Avrebbe dovuto chiedergli il nome, sarebbe stata la prima cosa che gli avrebbe chiesto, si era ripromesso, perché aveva l’impressione che procrastinando sarebbe stato distratto dall’ultima trovata del rosso per fingere di ribellarsi – gli piaceva molto dare l’impressione di non essere completamente assoggettato a He Tian, aveva notato. Avrebbe dovuto, sicuramente, e l’avrebbe anche fatto se solo il rosso non avesse deciso di donargli una visione ben più fuorviante di una semplice protesta masticata tra i denti, debole come la sua volontà.
Davanti alla porta c’era un cumulo di vestiti: la divisa scolastica e la giacca del rosso, evidentemente bagnati fradici, accanto a scarpe e calzini, invece asciutti, però giustamente restare nudo ma con scarpe e calzini era da deficienti. E He Tian si chiese perché tutta quell’acqua quando fuori non pioveva da tre giorni. Poi un’altra consapevolezza schiacciante gli seccò la gola.
Lasciò cadere la cartella e si diresse in cucina.
Il rosso era davanti ai fornelli – esattamente dove He Tian l’avrebbe voluto, in condizioni normali – e, sentendolo entrare, si voltò a guardarlo, proponendogli una panoramica frontale del suo corpo meramente coperto da un paio di boxer. Pelle scoperta, tanta… Il suo pensiero volò a tutti le immagini relative al bondage che aveva trovato su internet, col risultato di trasformare la propria gola in un deserto peggio di prima.
«Oh He Tian, scusa ma un gruppo di bambini per strada-», prima ancora che potesse finire la frase, He Tian colmò a grandi passi la distanza tra di loro.
«Tu stai decisamente cercando di essere fottuto», e, mentre il rosso lanciava una serie di esclamazioni volte a giustificarsi prima e allontanarlo poi, aveva già una mano sulla sua natica e l’altra sulla nuca, a spingerlo contro di sé.

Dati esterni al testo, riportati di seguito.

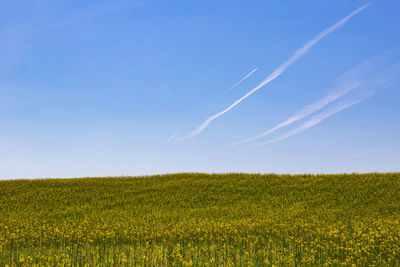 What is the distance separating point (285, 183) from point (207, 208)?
37.0 feet

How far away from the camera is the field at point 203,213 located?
14.2 metres

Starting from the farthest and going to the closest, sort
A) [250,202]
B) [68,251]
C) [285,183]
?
[285,183]
[250,202]
[68,251]

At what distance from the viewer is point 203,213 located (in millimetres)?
23859

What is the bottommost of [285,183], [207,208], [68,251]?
[68,251]

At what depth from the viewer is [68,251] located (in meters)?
12.6

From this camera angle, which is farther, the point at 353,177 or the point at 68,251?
the point at 353,177

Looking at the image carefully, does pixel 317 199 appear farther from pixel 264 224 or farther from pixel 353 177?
pixel 264 224

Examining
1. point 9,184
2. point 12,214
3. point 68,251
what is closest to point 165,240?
point 68,251

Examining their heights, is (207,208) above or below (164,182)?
below

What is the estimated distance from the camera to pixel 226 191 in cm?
3158

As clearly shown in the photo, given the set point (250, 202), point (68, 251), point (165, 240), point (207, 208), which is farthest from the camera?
point (250, 202)

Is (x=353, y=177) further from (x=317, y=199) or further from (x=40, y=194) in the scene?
(x=40, y=194)

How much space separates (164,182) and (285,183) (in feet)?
40.2

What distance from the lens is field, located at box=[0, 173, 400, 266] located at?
1416 cm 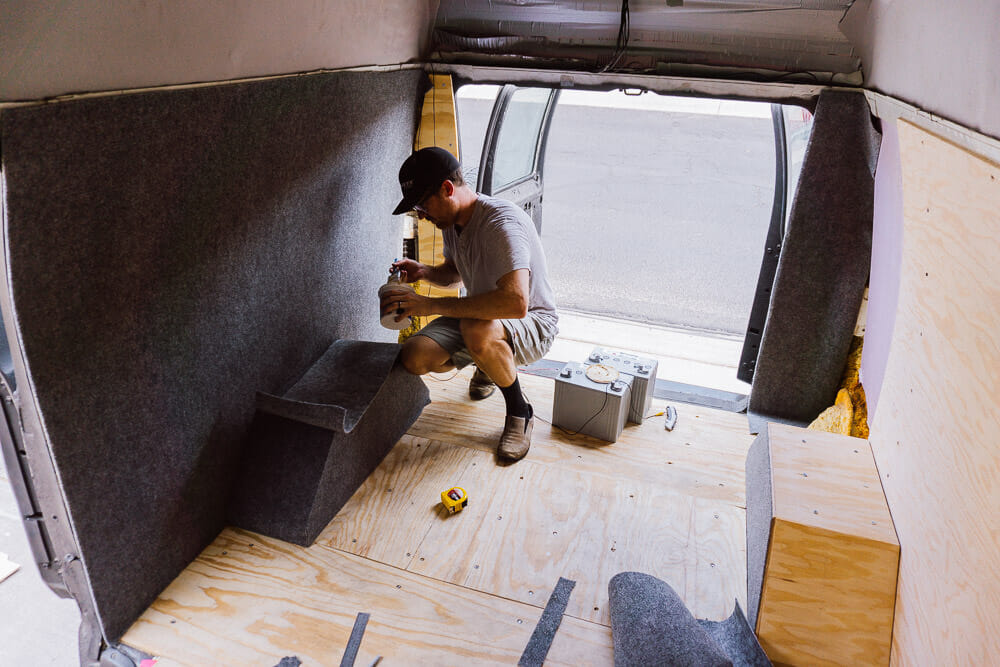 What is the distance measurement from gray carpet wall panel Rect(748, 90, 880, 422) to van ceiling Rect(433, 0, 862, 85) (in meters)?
0.19

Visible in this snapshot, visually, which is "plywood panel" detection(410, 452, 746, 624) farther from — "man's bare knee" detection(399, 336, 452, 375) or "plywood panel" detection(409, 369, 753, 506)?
"man's bare knee" detection(399, 336, 452, 375)

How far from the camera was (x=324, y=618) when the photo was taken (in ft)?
5.33

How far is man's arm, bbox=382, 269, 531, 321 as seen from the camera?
206 cm

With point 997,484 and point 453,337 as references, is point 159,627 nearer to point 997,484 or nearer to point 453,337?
point 453,337

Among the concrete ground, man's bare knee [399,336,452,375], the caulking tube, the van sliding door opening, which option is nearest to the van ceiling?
the van sliding door opening

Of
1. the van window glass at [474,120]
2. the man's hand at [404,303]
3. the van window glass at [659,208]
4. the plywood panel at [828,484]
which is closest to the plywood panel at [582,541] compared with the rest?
the plywood panel at [828,484]

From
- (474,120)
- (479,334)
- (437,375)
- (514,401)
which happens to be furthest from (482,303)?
Result: (474,120)

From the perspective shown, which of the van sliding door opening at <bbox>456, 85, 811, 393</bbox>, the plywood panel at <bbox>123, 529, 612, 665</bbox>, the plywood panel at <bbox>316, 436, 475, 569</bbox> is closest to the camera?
the plywood panel at <bbox>123, 529, 612, 665</bbox>

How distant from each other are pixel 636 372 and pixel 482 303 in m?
0.74

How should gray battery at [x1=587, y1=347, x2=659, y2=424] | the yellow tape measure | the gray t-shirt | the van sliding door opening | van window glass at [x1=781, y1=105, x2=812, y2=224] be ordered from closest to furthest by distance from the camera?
the yellow tape measure < the gray t-shirt < van window glass at [x1=781, y1=105, x2=812, y2=224] < gray battery at [x1=587, y1=347, x2=659, y2=424] < the van sliding door opening

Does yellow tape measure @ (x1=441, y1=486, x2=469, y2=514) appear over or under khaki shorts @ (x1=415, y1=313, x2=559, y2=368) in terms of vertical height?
under

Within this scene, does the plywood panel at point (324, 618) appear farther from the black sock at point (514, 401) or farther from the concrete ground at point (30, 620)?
the black sock at point (514, 401)

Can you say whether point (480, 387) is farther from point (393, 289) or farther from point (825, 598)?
point (825, 598)

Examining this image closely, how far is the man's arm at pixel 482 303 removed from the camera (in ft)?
6.75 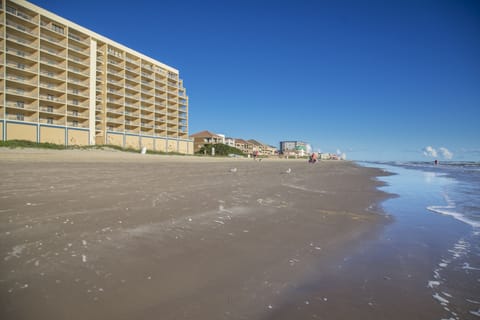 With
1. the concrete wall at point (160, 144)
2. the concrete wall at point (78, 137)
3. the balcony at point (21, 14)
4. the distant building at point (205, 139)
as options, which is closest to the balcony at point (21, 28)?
the balcony at point (21, 14)

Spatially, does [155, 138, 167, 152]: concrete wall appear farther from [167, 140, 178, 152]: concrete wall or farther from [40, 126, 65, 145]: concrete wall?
[40, 126, 65, 145]: concrete wall

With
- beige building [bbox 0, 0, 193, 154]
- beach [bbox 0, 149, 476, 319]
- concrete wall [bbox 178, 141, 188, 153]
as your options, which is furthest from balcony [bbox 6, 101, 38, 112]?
beach [bbox 0, 149, 476, 319]

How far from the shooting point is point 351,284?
203 cm

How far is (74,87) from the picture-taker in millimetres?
38969

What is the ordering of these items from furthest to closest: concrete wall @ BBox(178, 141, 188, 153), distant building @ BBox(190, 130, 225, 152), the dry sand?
distant building @ BBox(190, 130, 225, 152)
concrete wall @ BBox(178, 141, 188, 153)
the dry sand

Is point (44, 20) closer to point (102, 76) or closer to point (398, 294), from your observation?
point (102, 76)

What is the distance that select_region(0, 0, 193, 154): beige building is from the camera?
31.6m

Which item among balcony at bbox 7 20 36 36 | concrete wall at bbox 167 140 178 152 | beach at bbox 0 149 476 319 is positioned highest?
balcony at bbox 7 20 36 36

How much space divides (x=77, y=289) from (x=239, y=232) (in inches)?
76.6

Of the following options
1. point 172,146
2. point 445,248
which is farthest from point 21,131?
point 445,248

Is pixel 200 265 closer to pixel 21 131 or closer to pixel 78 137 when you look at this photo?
pixel 21 131

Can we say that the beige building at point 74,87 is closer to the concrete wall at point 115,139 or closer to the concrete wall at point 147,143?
the concrete wall at point 115,139

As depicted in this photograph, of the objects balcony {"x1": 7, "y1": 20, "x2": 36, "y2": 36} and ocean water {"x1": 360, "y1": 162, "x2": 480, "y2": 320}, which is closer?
ocean water {"x1": 360, "y1": 162, "x2": 480, "y2": 320}

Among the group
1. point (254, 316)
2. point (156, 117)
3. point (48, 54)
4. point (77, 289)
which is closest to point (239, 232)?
point (254, 316) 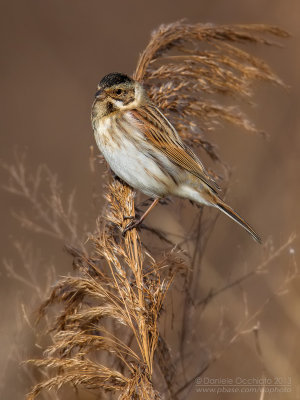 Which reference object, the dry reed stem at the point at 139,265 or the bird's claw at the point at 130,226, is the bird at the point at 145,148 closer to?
the dry reed stem at the point at 139,265

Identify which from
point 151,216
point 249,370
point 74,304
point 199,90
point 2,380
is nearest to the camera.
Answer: point 74,304

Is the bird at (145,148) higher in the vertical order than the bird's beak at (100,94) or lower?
lower

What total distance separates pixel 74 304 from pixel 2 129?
174 inches

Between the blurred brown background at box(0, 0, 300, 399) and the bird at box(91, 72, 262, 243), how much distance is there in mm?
431

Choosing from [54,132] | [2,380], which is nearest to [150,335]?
[2,380]

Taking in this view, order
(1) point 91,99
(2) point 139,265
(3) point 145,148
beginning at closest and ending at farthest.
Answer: (2) point 139,265, (3) point 145,148, (1) point 91,99

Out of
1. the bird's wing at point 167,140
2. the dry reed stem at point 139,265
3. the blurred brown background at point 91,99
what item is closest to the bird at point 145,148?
the bird's wing at point 167,140

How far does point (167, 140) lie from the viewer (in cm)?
334

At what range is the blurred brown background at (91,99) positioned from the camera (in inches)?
168

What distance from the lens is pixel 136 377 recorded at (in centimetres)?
218

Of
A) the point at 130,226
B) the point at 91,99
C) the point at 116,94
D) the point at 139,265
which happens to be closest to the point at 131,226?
the point at 130,226

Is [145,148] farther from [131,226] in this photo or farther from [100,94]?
[131,226]

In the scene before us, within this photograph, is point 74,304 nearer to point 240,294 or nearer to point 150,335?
point 150,335

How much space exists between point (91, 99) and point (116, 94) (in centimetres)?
318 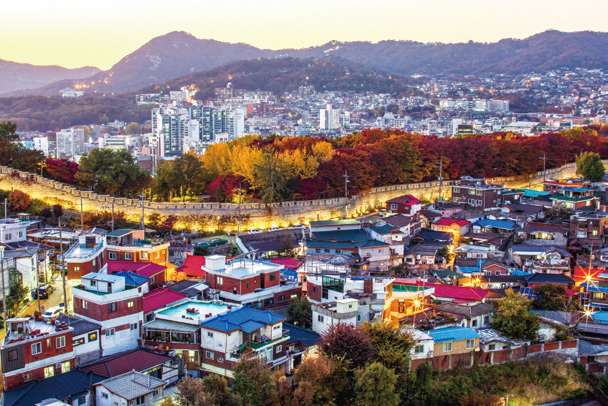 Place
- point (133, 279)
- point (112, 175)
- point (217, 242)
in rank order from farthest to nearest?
point (112, 175)
point (217, 242)
point (133, 279)

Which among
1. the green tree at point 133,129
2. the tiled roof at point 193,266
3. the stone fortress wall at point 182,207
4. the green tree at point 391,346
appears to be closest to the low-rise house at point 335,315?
the green tree at point 391,346

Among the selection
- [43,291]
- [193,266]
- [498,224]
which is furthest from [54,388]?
[498,224]

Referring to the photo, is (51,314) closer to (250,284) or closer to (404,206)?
(250,284)

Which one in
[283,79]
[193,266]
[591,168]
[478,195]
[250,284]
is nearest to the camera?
[250,284]

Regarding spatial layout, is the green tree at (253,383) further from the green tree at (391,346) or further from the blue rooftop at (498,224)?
the blue rooftop at (498,224)

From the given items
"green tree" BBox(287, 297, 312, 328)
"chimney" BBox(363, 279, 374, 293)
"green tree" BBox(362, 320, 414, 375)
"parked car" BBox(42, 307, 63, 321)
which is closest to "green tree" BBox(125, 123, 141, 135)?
"parked car" BBox(42, 307, 63, 321)

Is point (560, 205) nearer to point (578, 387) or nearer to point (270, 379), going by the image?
point (578, 387) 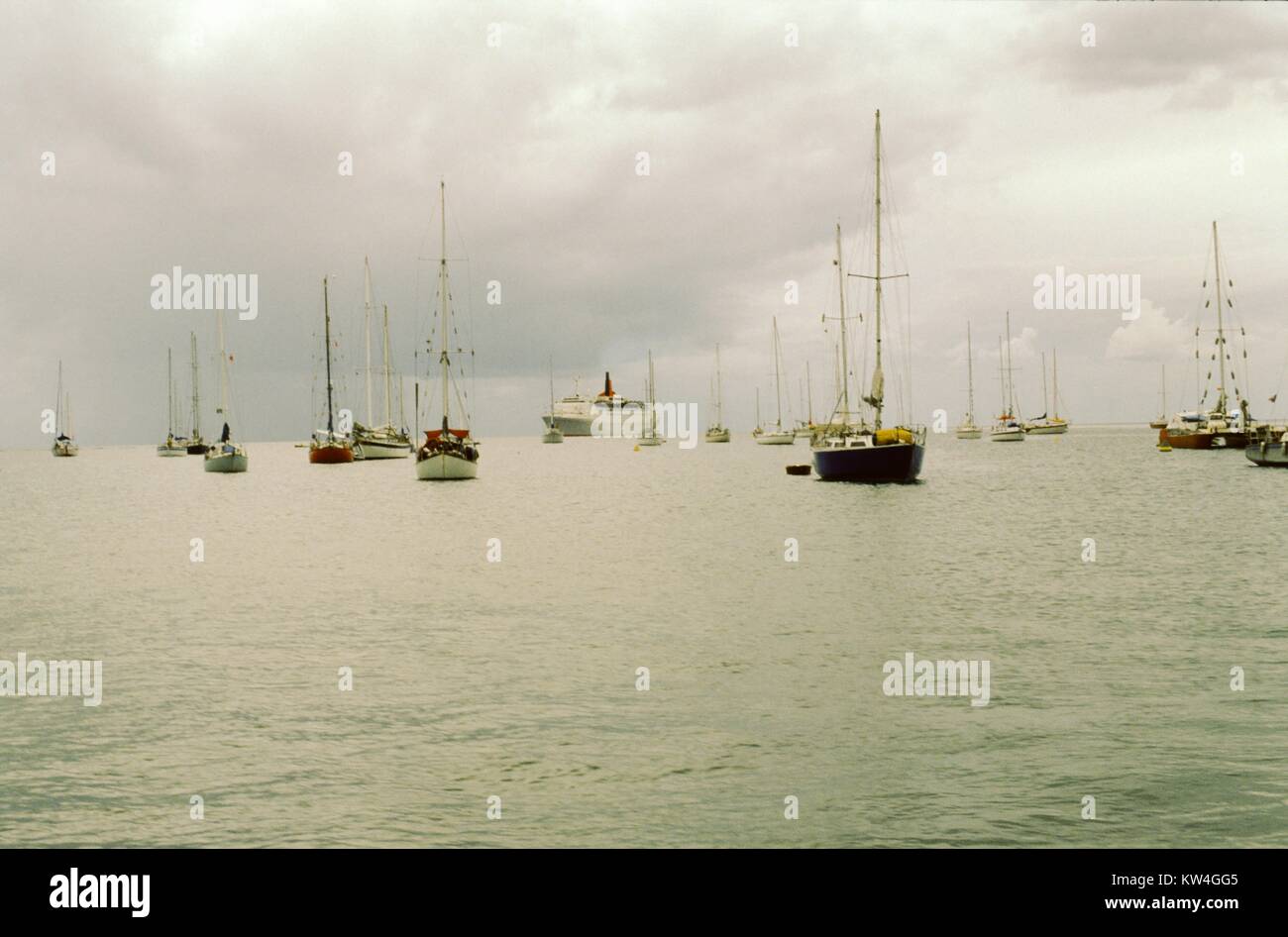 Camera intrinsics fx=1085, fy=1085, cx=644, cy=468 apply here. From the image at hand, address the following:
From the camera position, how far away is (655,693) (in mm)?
20422

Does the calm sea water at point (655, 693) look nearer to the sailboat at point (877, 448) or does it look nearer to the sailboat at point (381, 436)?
the sailboat at point (877, 448)

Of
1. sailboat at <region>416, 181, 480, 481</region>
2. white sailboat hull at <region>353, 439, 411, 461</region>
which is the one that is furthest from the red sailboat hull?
sailboat at <region>416, 181, 480, 481</region>

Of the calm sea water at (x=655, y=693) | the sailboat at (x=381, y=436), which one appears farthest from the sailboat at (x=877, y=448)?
the sailboat at (x=381, y=436)

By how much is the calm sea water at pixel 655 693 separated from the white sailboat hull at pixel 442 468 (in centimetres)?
4247

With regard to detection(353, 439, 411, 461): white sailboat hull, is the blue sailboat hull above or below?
below

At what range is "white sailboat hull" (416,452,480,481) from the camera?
9350 centimetres

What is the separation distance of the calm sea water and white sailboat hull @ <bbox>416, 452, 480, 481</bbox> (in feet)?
139

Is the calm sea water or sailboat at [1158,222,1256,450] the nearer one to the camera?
the calm sea water

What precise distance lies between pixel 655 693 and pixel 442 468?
76.3 meters

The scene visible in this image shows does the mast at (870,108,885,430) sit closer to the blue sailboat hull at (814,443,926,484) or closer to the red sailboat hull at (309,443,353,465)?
the blue sailboat hull at (814,443,926,484) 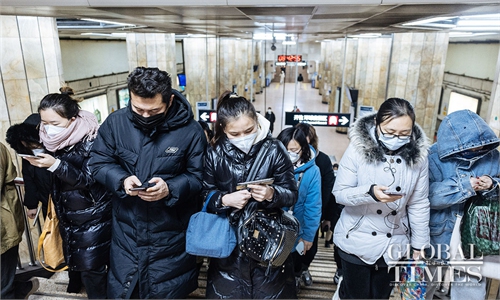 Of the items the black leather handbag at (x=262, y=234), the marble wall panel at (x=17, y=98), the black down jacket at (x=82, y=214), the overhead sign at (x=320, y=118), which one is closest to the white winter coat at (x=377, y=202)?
the black leather handbag at (x=262, y=234)

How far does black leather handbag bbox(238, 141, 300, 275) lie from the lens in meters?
2.08

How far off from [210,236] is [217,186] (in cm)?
30

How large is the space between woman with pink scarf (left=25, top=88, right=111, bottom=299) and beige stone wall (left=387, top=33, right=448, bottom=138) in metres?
11.4

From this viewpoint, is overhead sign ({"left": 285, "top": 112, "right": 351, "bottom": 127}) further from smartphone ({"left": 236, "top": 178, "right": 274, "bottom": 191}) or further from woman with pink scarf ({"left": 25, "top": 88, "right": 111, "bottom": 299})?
smartphone ({"left": 236, "top": 178, "right": 274, "bottom": 191})

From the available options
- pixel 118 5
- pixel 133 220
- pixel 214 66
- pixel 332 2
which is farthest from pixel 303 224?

Due ore dopo il rosso giaceva, oramai privo di boxer, sul letto accanto a lui, altrettanto privo d’indumenti, impossibilitato a sdraiarsi sulla schiena – o sedersi, o camminare – per minimo una settimana. E sembrava arrabbiato e rassegnato assieme, mentre cercava di guardare ovunque non ci fosse He Tian, o il suo corpo avrebbe assunto lo stesso colore della sua chioma e sarebbe stato impossibilitato anche a parlare se non squittendo.
Tenendo la sigaretta tra pollice e indice, He Tian ricordò d’aver progettato di chiedergli qualcosa, prima che accadesse quello.
«Senti», richiamò la sua attenzione, «Com’è che ti chiamavi?».
E ancora oggi non riesce a capire il perché dello sguardo ferito e disgustato che l’altro gli rivolse prima di andare via, zoppicando, senza neanche riprendersi le mutande.